TASK DESCRIPTION
Set down, word for word, the line with "Rechargeable LED COB" and the lines after it through the final line of the data below, without pictures.

DATA SHOWN
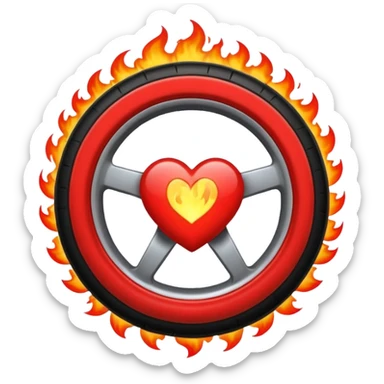 a burning car wheel, and in the center of the wheel there is a red heart sticker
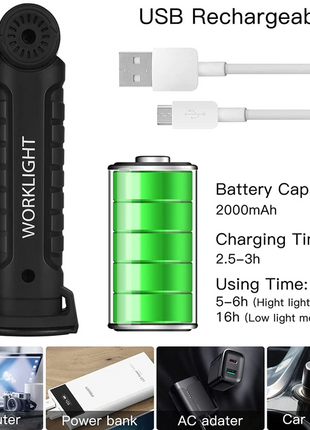Rechargeable LED COB Work Light Mechanic Flashlight Lamp Magnetic Base Puce Gaia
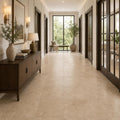 Chiseled Travertine Noce 18x18 Honed Filled Tile — Hallway floor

RESULT FOR THIS TASK
Rechargeable LED COB Work Light Mechanic Flashlight Lamp Magnetic Base Puce Gaia
 Chiseled Travertine Noce 18x18 Honed Filled Tile — Hallway floor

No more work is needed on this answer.